監修者
安田 幸治
OJTソリューションズで、 お客様の改善活動と人材育成をサポ―トするエグゼクティブトレーナーをしています。トヨタ自動車にて42年間の現場経験、管理職の経験を経てOJTソリューションズに入社しました。モットーは「仲間に感謝」。時に愛犬に癒されながら、日々お客様の現場で感謝・改善・努力の毎日を過ごしています。
オフィスワークで、残業が絶えなかったり、生産性が低かったりするような職場は、「ムダ」が多いのかもしれません。トヨタでは、ムダを「付加価値を生まない諸要素」と定義し、なくすよう日々改善に努めています。オフィスワークの改善においてもムダ取りは有効です。しかし、特にオフィスワークでは定常でない業務が多く、ムダが見えずらい環境になっている職場も多いでしょう。
本記事では、こうしたオフィスワークのムダを「視える化」するコツを解説します。
まずは現在おこなっている仕事を下記の3つに分類してみましょう。
主作業とは、その部署・役職がやらなくてはならない仕事のことです。例えば、商品企画部の場合、企画書をつくることがまさに主作業になります。
続いて、付随作業とは、主作業をおこなうために付随的に発生する仕事のことです。例えば、先ほどの商品企画部の場合では、企画書をつくるためにおこなう情報収集や、集めた資料をわかりやすいように保管しておくことなどが付随作業にあたります。
最後にムダとは、やらなくてよいこと、つまり何の付加価値も生まない仕事のことです。例えば、内容に誤りがあって何度もプリントしてしまう、確認のために上司を探し回る、企画書を提出したのに上司の机の上に何日も放置されている、といったことです。
このように分類することで、付随作業やムダに費やす時間の多さを改めて実感できるでしょう。付随作業を効率化し、ムダを排除すれば主作業にかける時間が増え、品質の向上につながります。
ゴミ箱は職場のムダを見つけるヒントになります。製造現場では、破棄された不良品の状態や量でその工程がどのような問題を抱えているかわかることもあります。

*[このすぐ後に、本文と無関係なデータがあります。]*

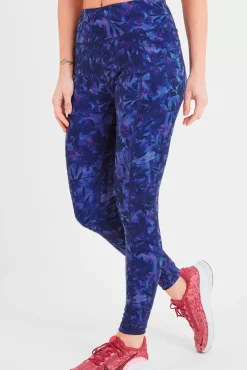 Tog24 Rowan Active Legging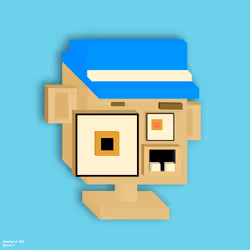 Item Media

オフィスの場合、例えば、シュレッダーから排出されるゴミの量をムダな作業の指標としてとらえることができます。不要なプリントを減らせれば、用紙代の削減という原価低減のメリットもありますが、シュレッダーにかけるムダ時間を削減できます。
シュレッダーのゴミに社内会議の資料が多いのであれば、会議の改善にもつながります。会議資料を、参加人数が不明で多めに印刷していたり、普段から多めに印刷していたりすることはないでしょうか。印刷や廃棄のムダな作業時間がそこで発生しています。
トヨタには、改善すべきムダを見つけることを目的に、現場の1カ所に立ち続けて全体を観察する「定点観測」という手法があります。工場全体を見渡せる場所で止まって観察しているからこそ、「あそこは人の動きが悪い」「あの人は動き回っているが、肝心な作業はしていない」などの問題が見えてきます。
オフィスワークでも同様のことができます。定点観測していると、「あの人は何度もプリンターとの間を行き来している」など、必要性が疑わしい動きがきっと見えてくるはずです。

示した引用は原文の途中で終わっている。